Excerpted records>
==*==
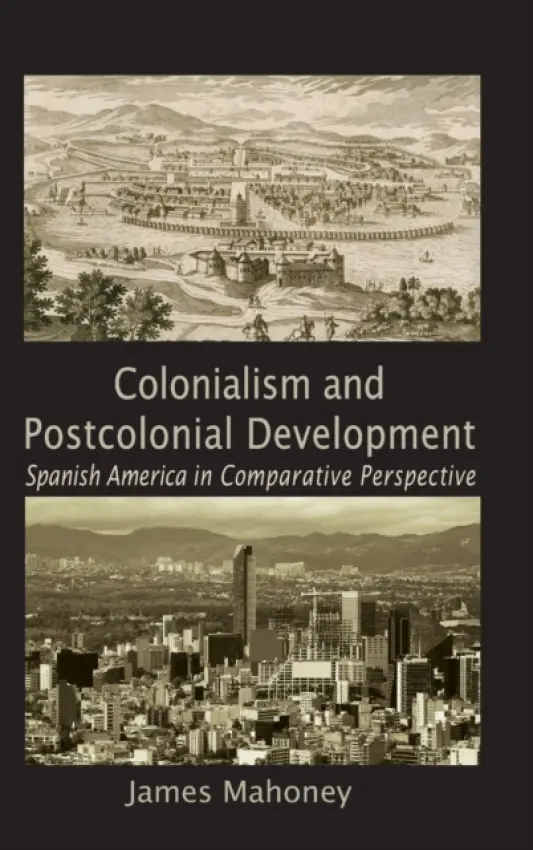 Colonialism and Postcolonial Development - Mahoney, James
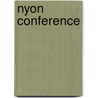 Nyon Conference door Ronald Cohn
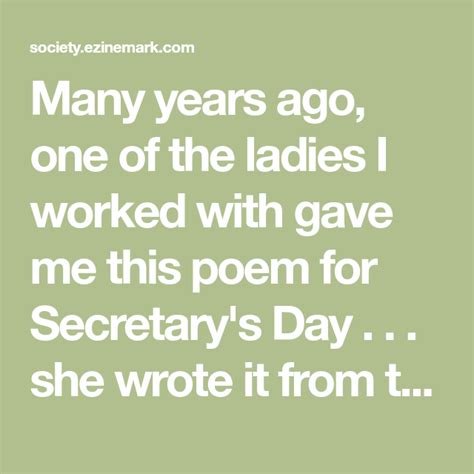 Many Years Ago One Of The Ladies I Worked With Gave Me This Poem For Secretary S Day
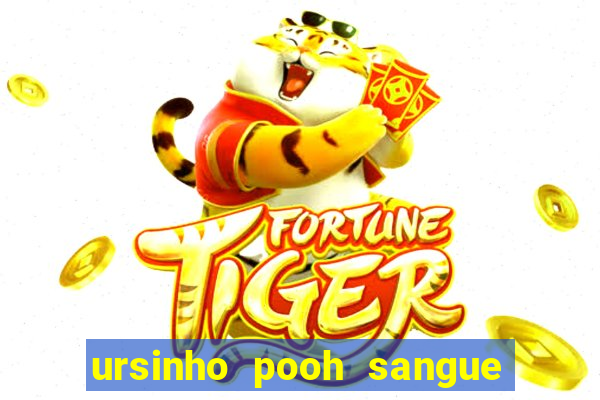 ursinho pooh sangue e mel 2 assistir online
==*==
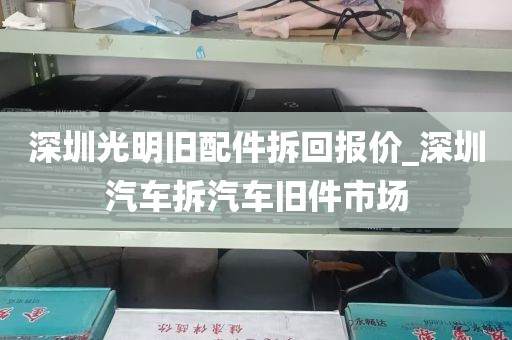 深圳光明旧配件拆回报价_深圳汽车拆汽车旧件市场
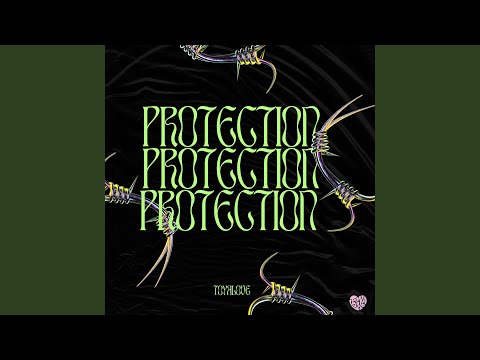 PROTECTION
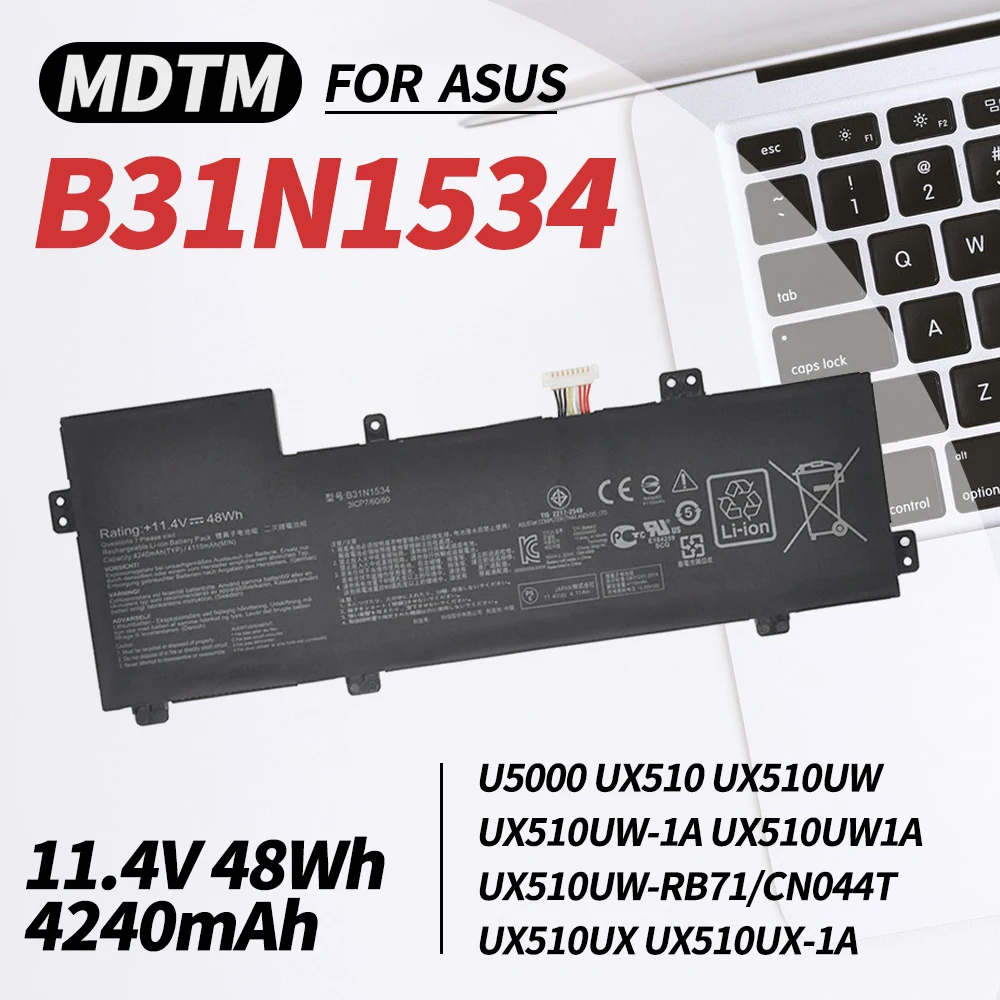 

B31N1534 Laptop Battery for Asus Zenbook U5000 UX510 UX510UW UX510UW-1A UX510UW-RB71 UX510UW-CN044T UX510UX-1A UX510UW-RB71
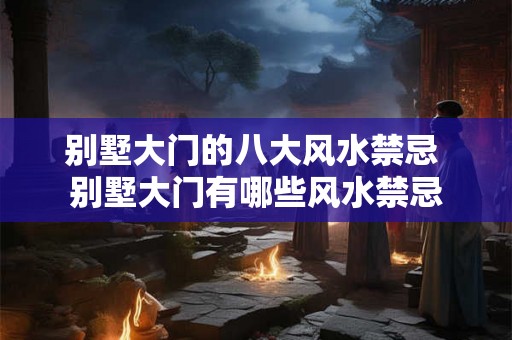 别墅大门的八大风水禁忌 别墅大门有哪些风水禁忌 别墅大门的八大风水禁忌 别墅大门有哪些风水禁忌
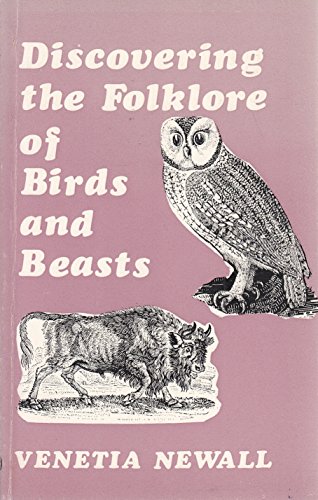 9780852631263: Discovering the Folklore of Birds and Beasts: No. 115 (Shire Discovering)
==*==
Task description> Given the records above, return the lines starting at the one that holds "Many Years Ago" and ending at the one that holds "ursinho pooh sangue e mel 2 assistir online", exactly, and nothing besides; leave every picture out.

Task response>
 Many Years Ago One Of The Ladies I Worked With Gave Me This Poem For Secretary S Day
 ursinho pooh sangue e mel 2 assistir online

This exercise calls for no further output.